Tanpa sadar, kedua sudut bibir Zefran tertarik kala mendengar penuturan Bu Winda. Zefran tahu itu, Linka pasti mempunyai kelebihan-kelebihan yang belum tentu dapat dilihat oleh semua orang. Ada ketertarikan tersendiri yang gadis itu miliki, yang hanya akan dapat ditemukan apabila seseorang mau berusaha mencari tahu. Oleh karena hal tersebut, dalam diri Zefran pun mulai muncul keinginan untuk mengenal Linka lebih jauh lagi. Hanya saja, Zefran tak tahu bagaimana harus memulainya.

Kemudian, di saat Zefran sibuk memikirkan hal tersebut, secara tak terduga semesta kembali memberi pertolongan untuk yang ke sekian.

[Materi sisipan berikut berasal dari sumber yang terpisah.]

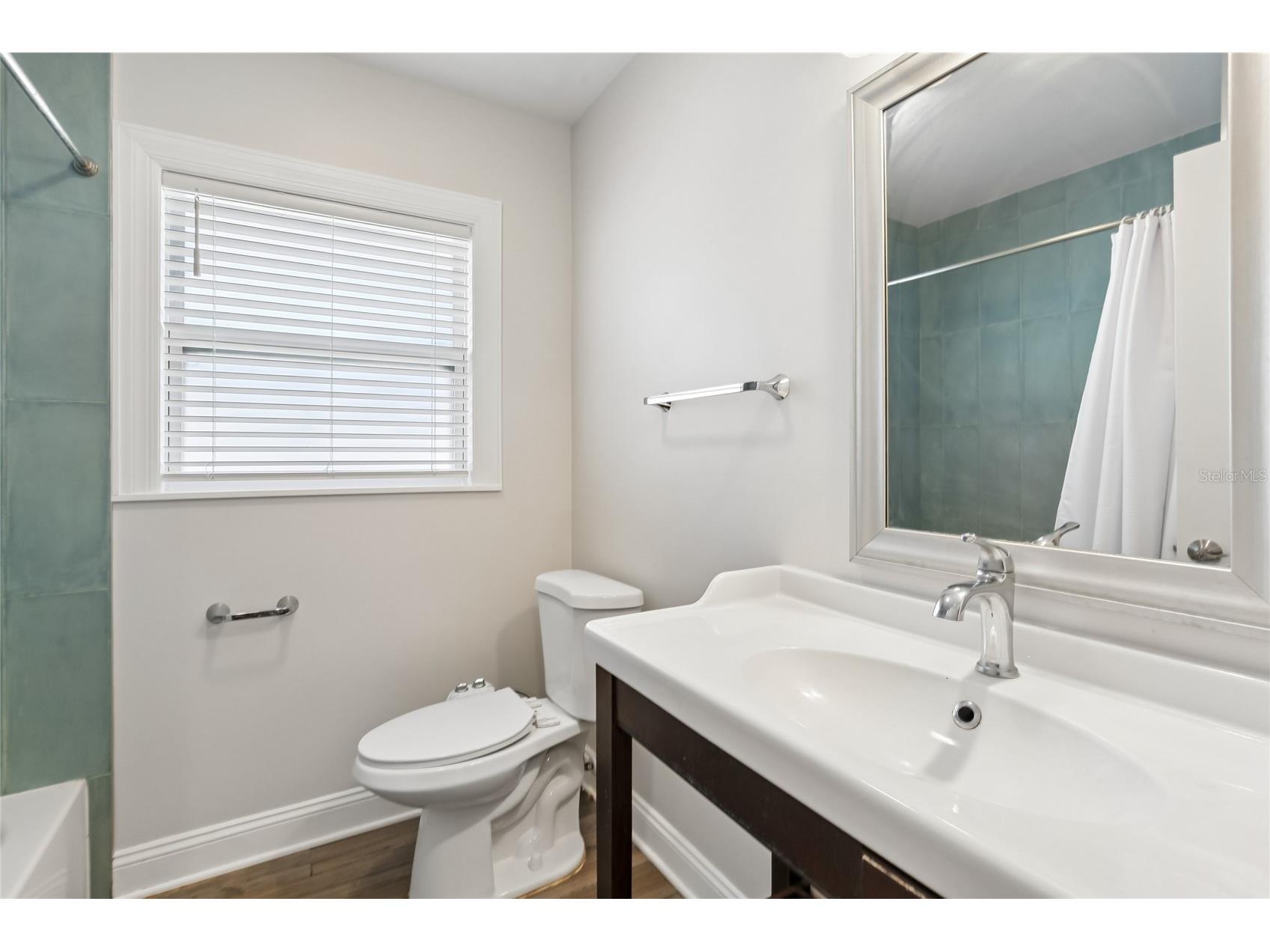 1872 Hunt Lane Clearwater FL 33764 TB8505583 image15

Namun, yang kali ini agaknya memang lain daripada yang lain.

Sebab di waktu selepas tengah malam, secara mengejutkan Zefran mendapati kehadiran Linka di kos yang telah menjadi tempat menetapnya selama hampir empat tahun. Zefran sungguh tak percaya akan hal itu, tentu saja. Tapi barangkali semesta memang sengaja memberikan kesempatan bagi Zefran untuk melakukan apa yang ingin dilakukannya dengan lebih leluasa.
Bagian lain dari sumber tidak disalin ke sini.